Os militares ditos “nacionalistas”, que aliás não são muitos, acusam-me de tachá-los de comunistas e de não compreender suas elevadas intenções patrióticas. Ao contrário. Sei que não são comunistas. São anticomunistas, entusiastas do capitalismo de Estado, anti-americanos por cálculo e não por ideologia. E compreendo perfeitamente bem suas intenções. Discuti-as muitas vezes com o remoto mas influente mentor do grupo, o falecido general Carlos de Meira Mattos, meu amigo, inteligência brilhante, e lhe expus francamente minha discordância, então ainda nebulosa e mal fundamentada.

O que sonham é aproveitar-se da onda esquerdista, ajudando-a a precipitar uma situação virtual de guerra contra os EUA que elevaria às nuvens o poder das Forças Armadas, facilitando a derrubada dos esquerdistas e a instauração de um governo nasserista de salvação nacional.

O plano não é comunista: é apenas louco. Trata-se de matar o país para disputar a posse do cadáver. Uma situação de guerra ou mesmo de pré-guerra na América Latina é tudo o que os globalistas precisam para colocar a área sob intervenção da ONU. A soberania nacional desapareceria em segundos, a Amazônia seria internacionalizada por automatismo. Os militares nacionalistas iriam para a cadeia e os comunistas voltariam ao poder como heróis da democracia, sob os aplausos da comunidade internacional e da mídia chique.

O plano é furado porque sua base teórica é a metodologia errada da Escola Superior de Guerra, cujo conceito fundamental de “poder nacional” só reconhece como sujeitos agentes da História os Estados e os governos. Estados e governos não são sujeitos da ação histórica: são seus instrumentos. Sujeitos históricos são entidades mais permanentes e estáveis, cuja ação se estende para além da duração dos Estados e governos.

Sujeitos da História são as castas religiosas, as dinastias monárquicas e oligárquicas e as seitas gnósticas transfiguradas em movimentos ideológicos de massa. Sua ação atravessa os séculos passando por cima do prazo de vida dos Estados e do horizonte de visão de seus governantes.

O atual espetáculo do mundo é a disputa entre quatro sujeitos da História: as religiões cristã e judaica, com suas concepções tradicionais da civilização, o movimento revolucionário mundial, a oligarquia globalista e o expansionismo islâmico. Estes três têm relações ambíguas entre si; ora são aliados, ora concorrentes. Os cristãos e judeus estão sozinhos contra todos, mal articulados em movimentos conservadores que só têm expressão nos EUA. Mas neles repousa a única esperança de preservar a civilização e impedir a dissolução das soberanias nacionais.

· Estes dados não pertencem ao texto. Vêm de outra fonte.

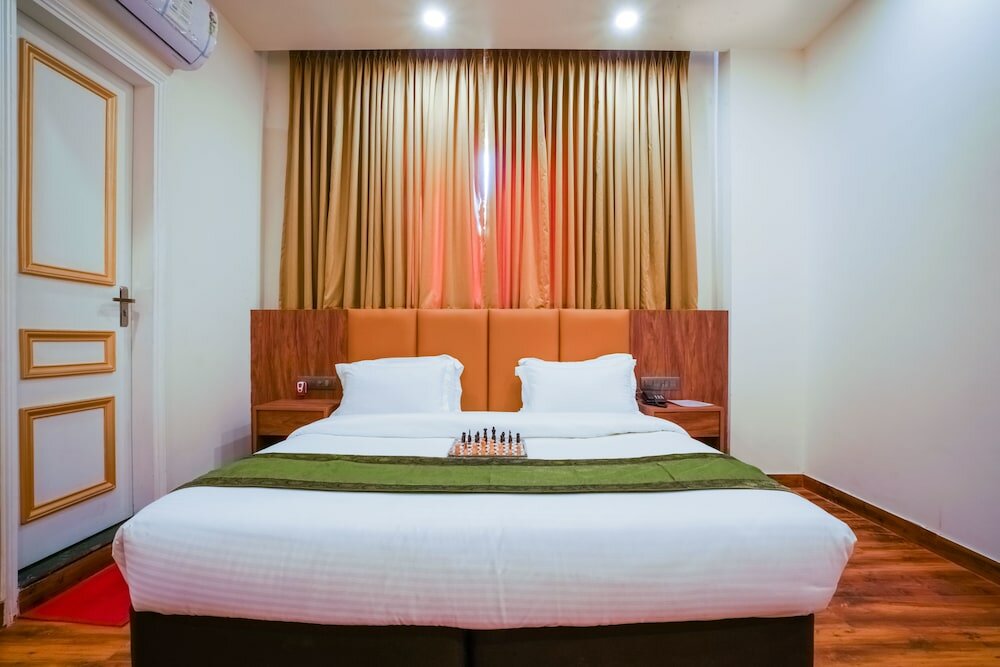 Фото All Heavens Gold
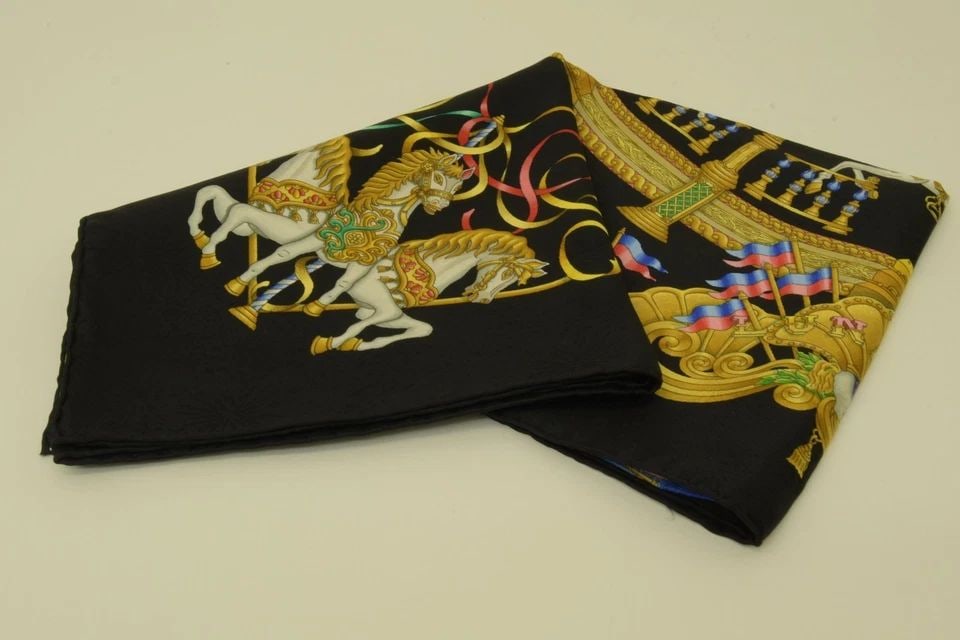 AUTHENTIC HERMES SCARF VINTAGE LUNA PARK BLACK 90CM JOACHIM METZ SILK (1 of 2)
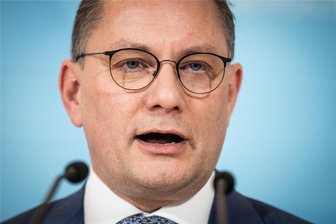 Trotz Unvereinbarkeitsliste: AfD und Neonazi-Partei „Die Heimat“ bilden gemeinsame Fraktionen in Brandenburg - „Die Heimat“ verwies in ihrer Mitteilung auch auf AfD-Chef Tino Chrupalla, „der kürzlich betonte, dass es auf kommunaler Ebene keine Brandmauern zu anderen Parteien geben werde“.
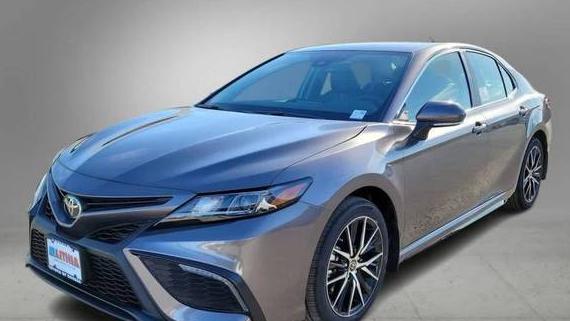TOYOTA CAMRY 2024 4T1G11AKXRU884404 image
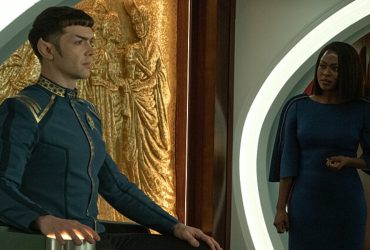 Os fãs de Star Trek às vezes fazem o ator de Spock, Ethan Peck, se sentir como uma figura sagrada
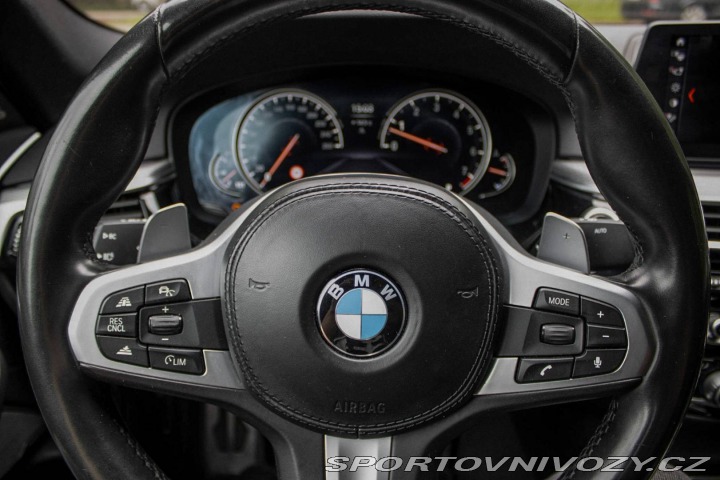 BMW 5 g30 540i xDrive / AJ NA 2018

A mera contraposição de nacionalismo e globalismo é estreita e provinciana demais para dar conta do quadro. Ela falseia a realidade e eleva a planos de ação insensatos, condenados ao fracasso.

O obstáculo que separa de mim aqueles militares não é ideológico: é a ciumeira de intelectos atrofiados contra o estudioso que enxerga mais que eles. Se pusessem a pátria acima de seus egos, estariam me ouvindo em vez de me jogar pedras.